Well that game was something. Never felt more frustrated scoring 42 points in a Big Xii victory than I did last Saturday. Too many mistakes went Iowa State's way, but the Red Raiders found a way to still win by a TD that thankfully was decided earlier than it could have been.
This week's Rewind takes a peek at Tech's fifth touchdown of the day, a 12 yard score by DeAndre Washington to put us up 14 points with 12 minutes to play.
Starting out in 20 personnel, we get two WR's out to the left and one on the right. As this play goes between the tackles we're gonna focus on the big guys in the trenches.

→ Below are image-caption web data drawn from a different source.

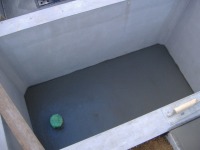 コンクリート池 錦鯉,池作り コンクリート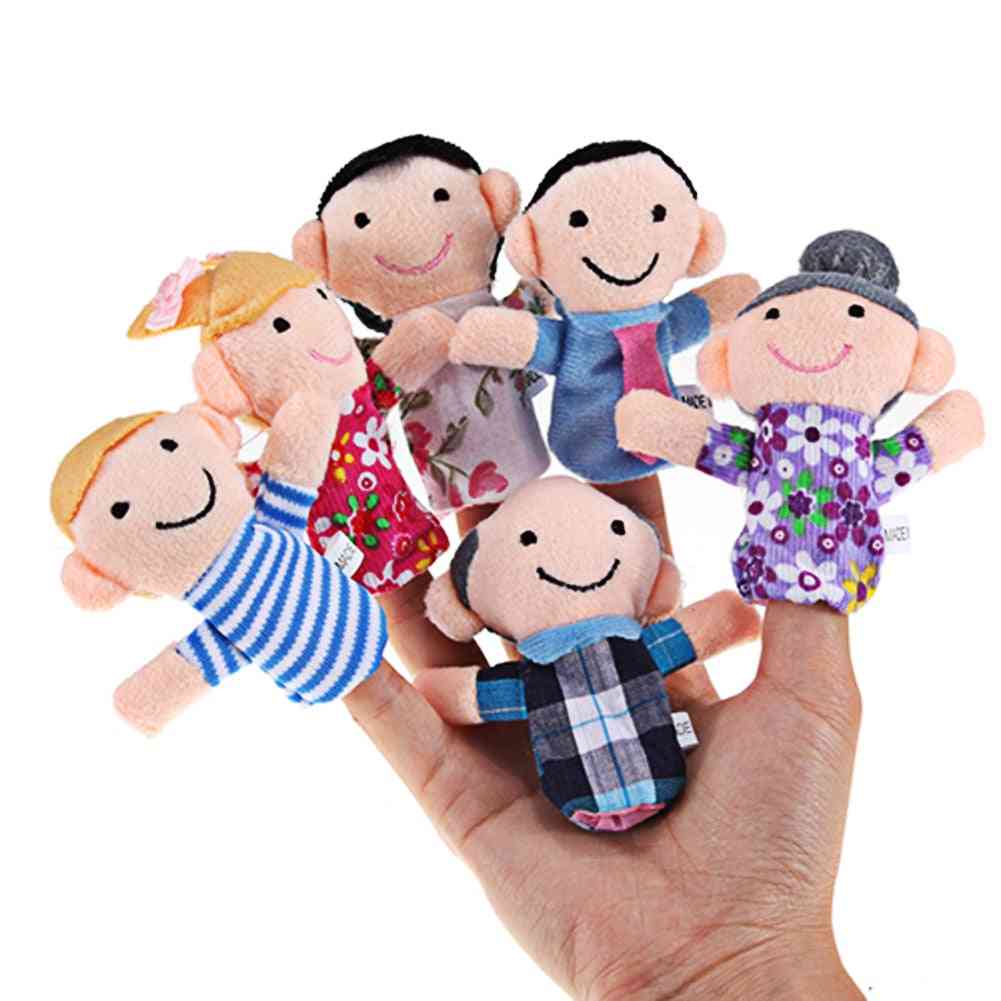 Family Finger Puppets, Plush Cloth Doll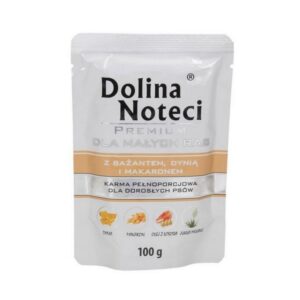 Dolina Noteci Premium MAŁE RASY ADULT z BAŻANTEM DYNIĄ I MAKARONEM 100g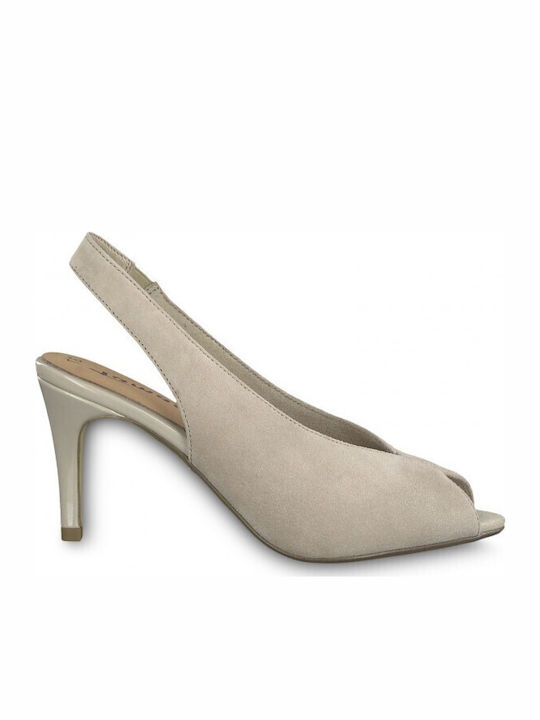 Gray Medium Heels Antelope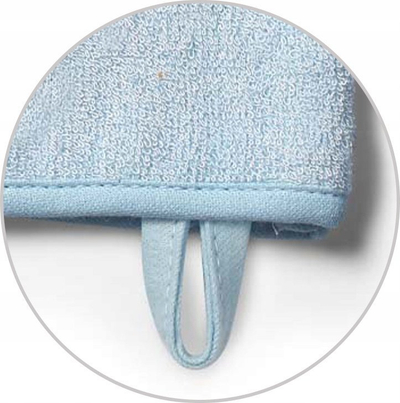 Leckë larje për bebe BabyOno Bamboo, bambus natyral, formë doreze, blu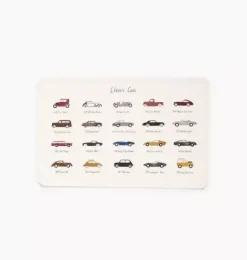 Janie and Jack Nursery-Changing Mat - classic cars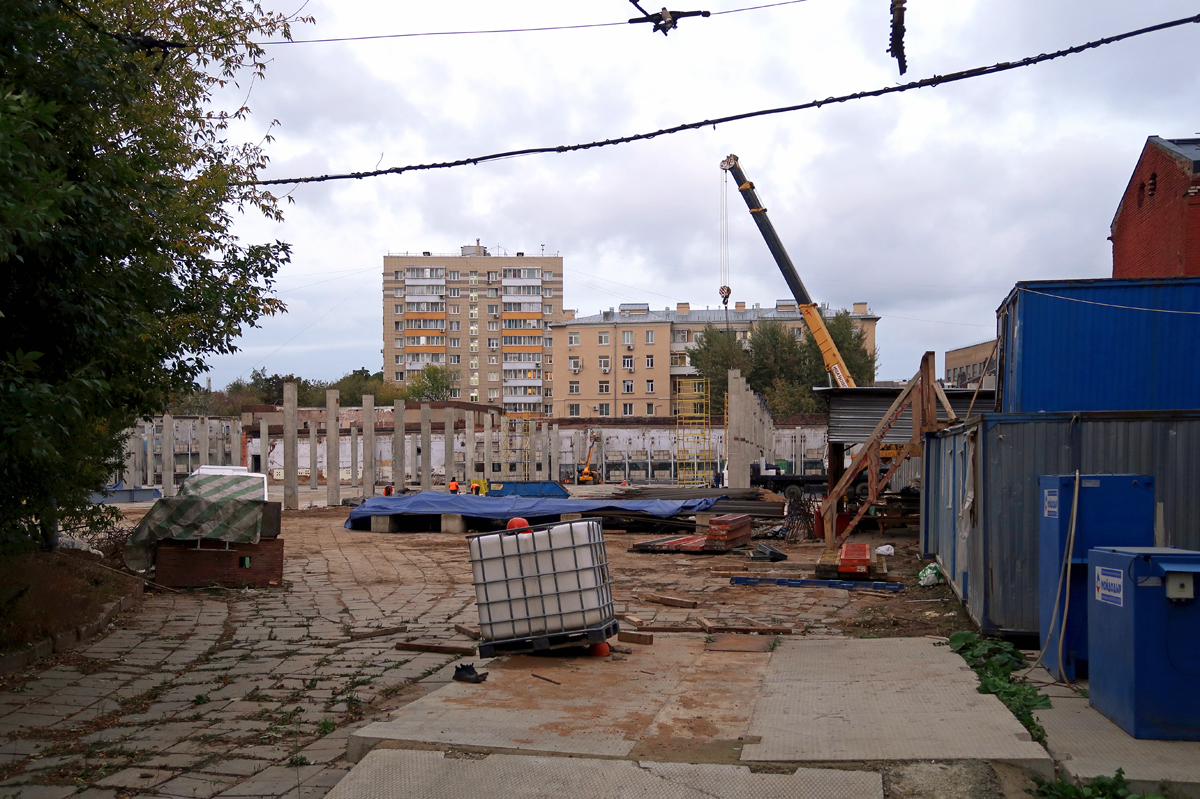Moscou — Construction and repairs; Moscou — Reconstruction of the Apakov tramway depot; Moscou — Tram depots: [1] Apakova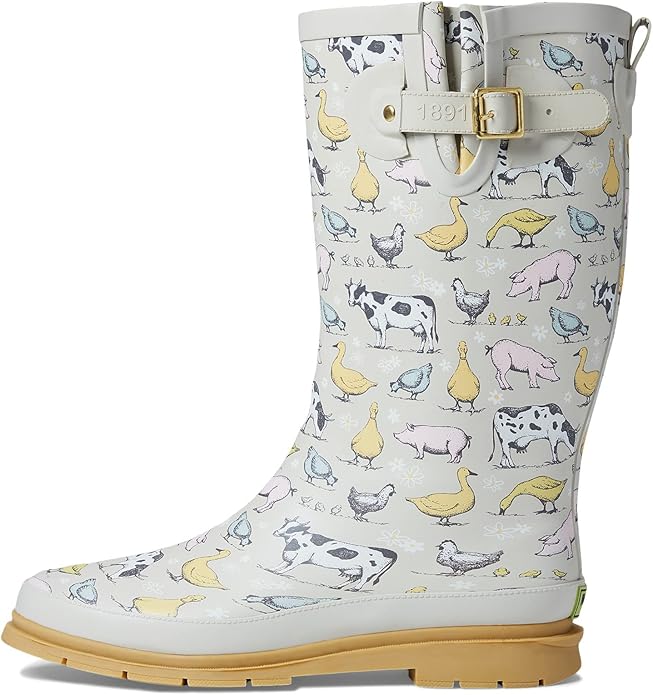 Western Chief Women's Tall Waterproof Rain Boot Outdoor Garden Shoes-VerdiqueGarden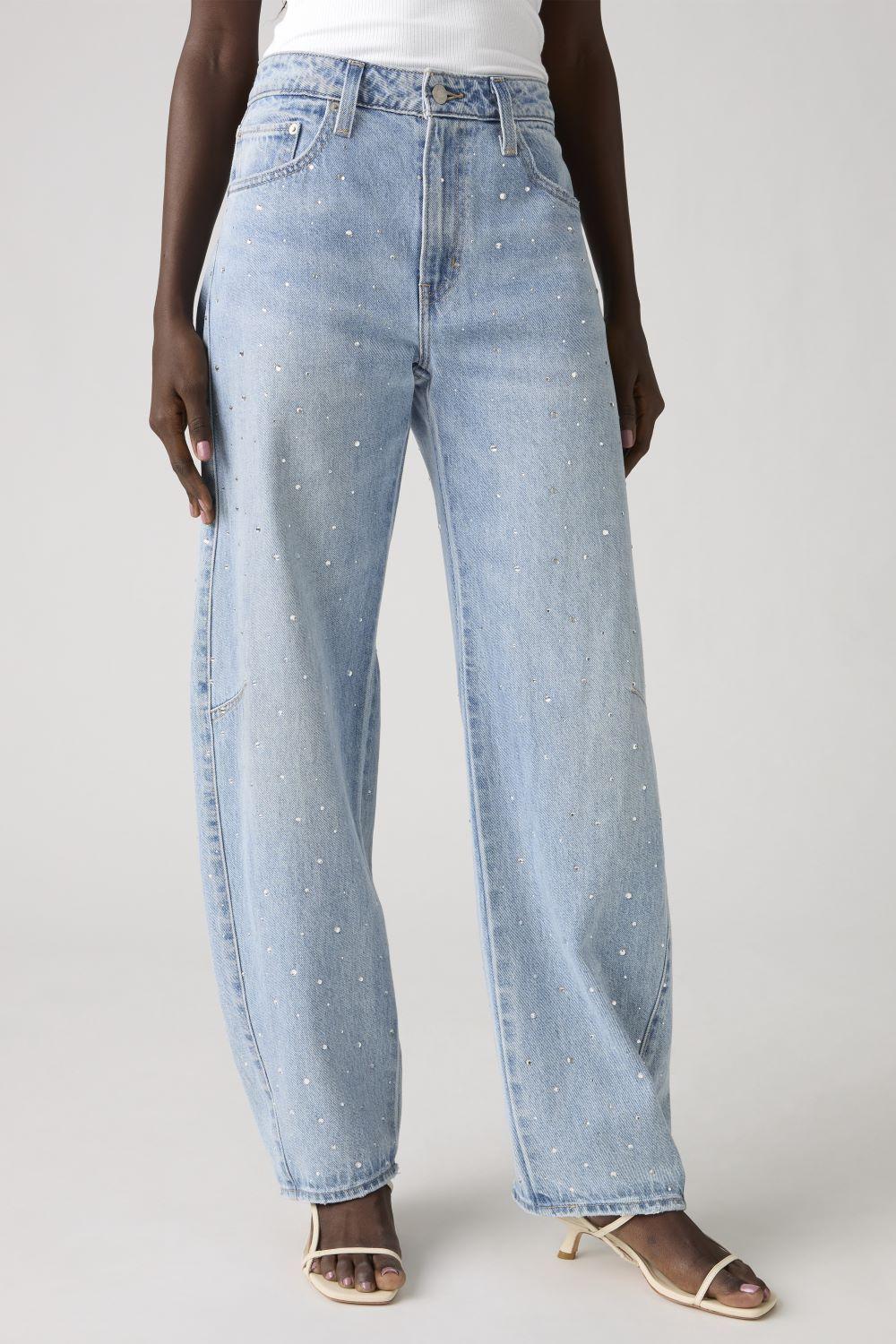 Jeans Mujer Baggy Dad Barrel Celeste Levis 0039A-0007-0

At the snap, Sadale Foster goes from Davis Webb's left side across his face to the right, giving the LB's a first look towards that side of the play. They don't really bite at all, as it appears the D line was slanting that direction already, so they were likely setting up to cover the backside of the slant anyway. But the move does help the score to happen, which we'll see later.

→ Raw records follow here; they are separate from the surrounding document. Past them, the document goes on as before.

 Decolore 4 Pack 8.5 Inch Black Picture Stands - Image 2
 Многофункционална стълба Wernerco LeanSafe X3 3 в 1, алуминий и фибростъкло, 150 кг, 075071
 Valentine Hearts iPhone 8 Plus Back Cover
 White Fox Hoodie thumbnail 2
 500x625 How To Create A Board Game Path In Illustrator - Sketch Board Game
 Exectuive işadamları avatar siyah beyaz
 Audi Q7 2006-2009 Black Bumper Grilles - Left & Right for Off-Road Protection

The slant, though, opens up one of the two big blocks on the play, both of which were made by the offensive tackles taking out the 2nd level LBs. The defensive lineman over Le'Raven Clark goes in towards the left guard, James Polk. With Polk setting up to block back inside, it makes it pretty easy for him to keep pushing him that way to open the hole. Now Clark is free to move up and engage the linebacker opening a path for Washington to scoot through.

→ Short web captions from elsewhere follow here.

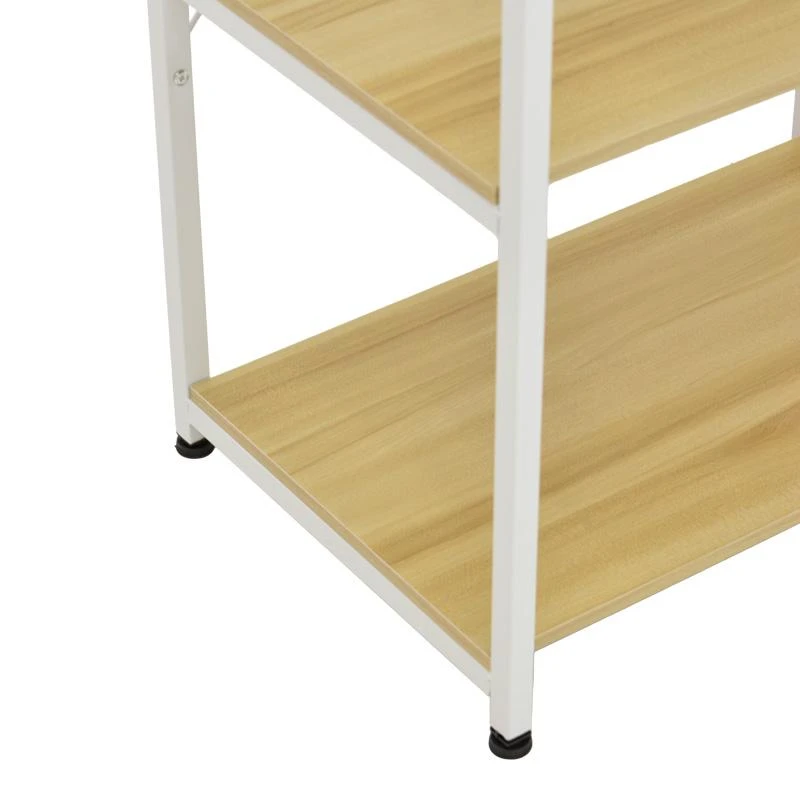 Ραφιέρα επιδαπέδια Depo Pakoworld μέταλλο λευκό-mdf σε φυσική απόχρωση 60x40x120εκ 5 Ραφιέρα επιδαπέδια Depo Pakoworld μέταλλο λευκό-mdf σε φυσική απόχρωση 60x40x120εκ - Image 5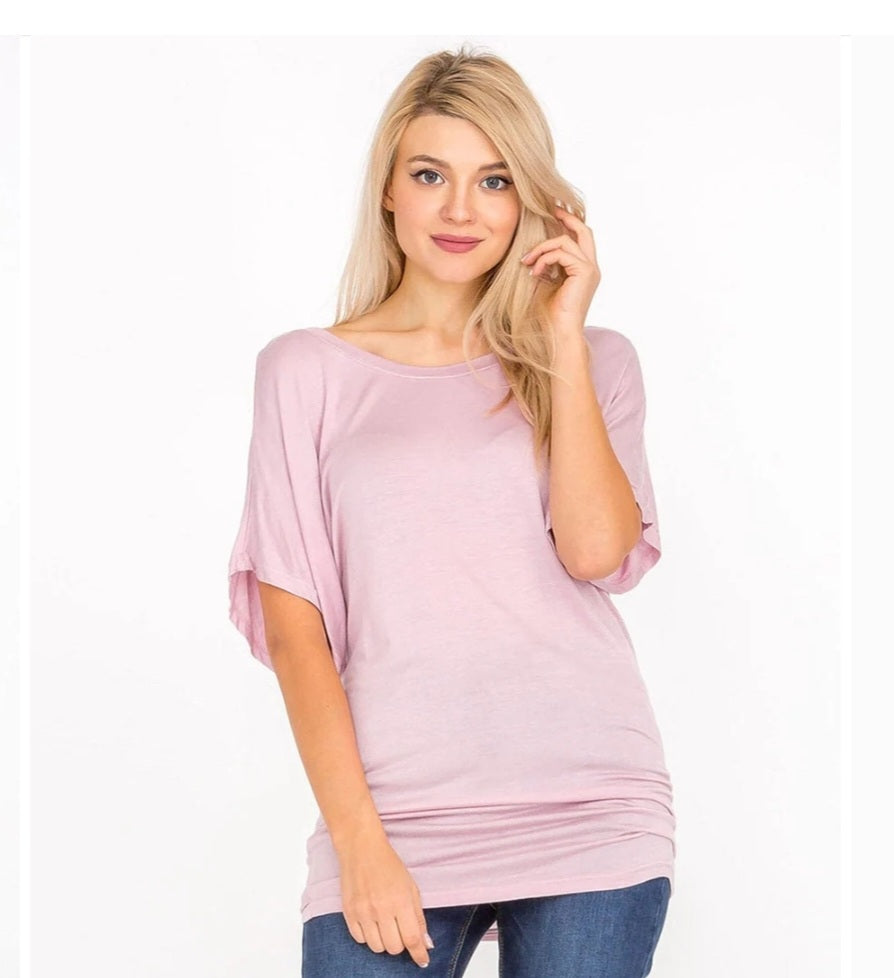 Mauve off shoulder Tunic top - Goldie B & Co Boutique  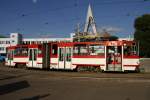 TATRA T4 mit der Nummer 1177 ex Erfurt am 19.08.2015 in Lviv.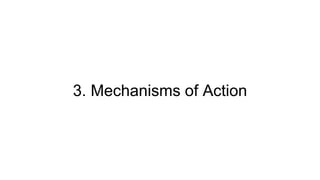 3. Mechanisms of Action
 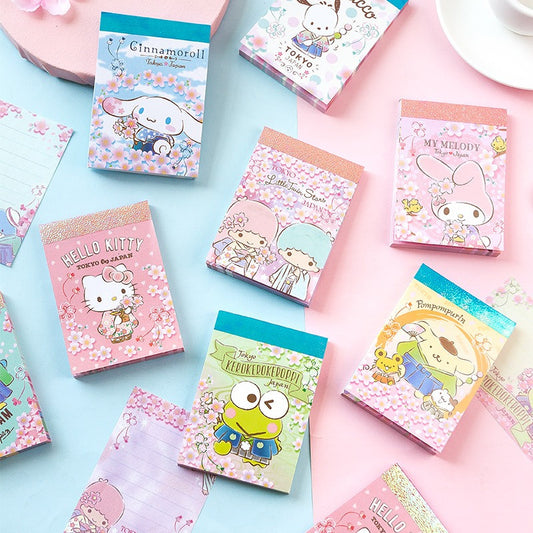 Sanrio Characters Memo Pad - Cherry Blossom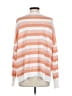 CAbi Stripes Orange Pullover Sweater Size S - photo 2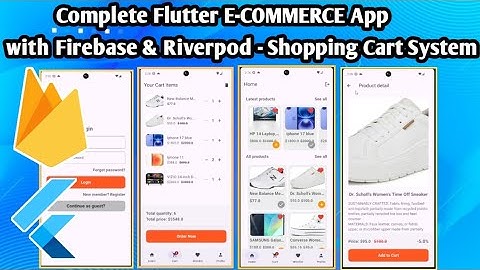 Complete Flutter E-Commerce App with Firebase & Riverpod | Full Shopping Cart System - Part 3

The other big second level block is on the other linebacker, made by right tackle Rashad Fortenberry. At first it seemed to not make sense that the right tackle would be free when the defensive line is slanting that way. Surely there would have been someone there, as four linemen were available and headed that way.
Now the movement by Foster takes a bigger role. As the defensive end looks in to the backfield, he's looking to keep his ground for two things, either to trail on Foster, or rush Webb if he keeps the ball. For either, he was trying to keep himself free to make a play. His focus on those things allows Rashad Fortenberry to shoot straight past the line and cut off the path for the other linebacker. This is where a great defensive tackle blowing up blocking assignments helps slow a run game.
If either of the linebackers don't get blocked there, the play may only get a couple yards if Washington can't bump that outside.
Personally, the key to a really valuable running game in our system is getting those LBs blocked and make the secondary come up and make the play. That opens a ton of space and options when the D Backs can't focus as much on the pass. Personally, that's my favorite side effect of running like this. It's one thing to just show the run a lot to set up that pass, but that really only works when the running is effective for what you're going to want to do.
As the season's gone on, Tech has become considerably better at installing blocking schemes that the linemen can execute. This will be huge going forward as we may find ourselves in a few more games where EVERY piece of the puzzle will need to be in place in order to get the win.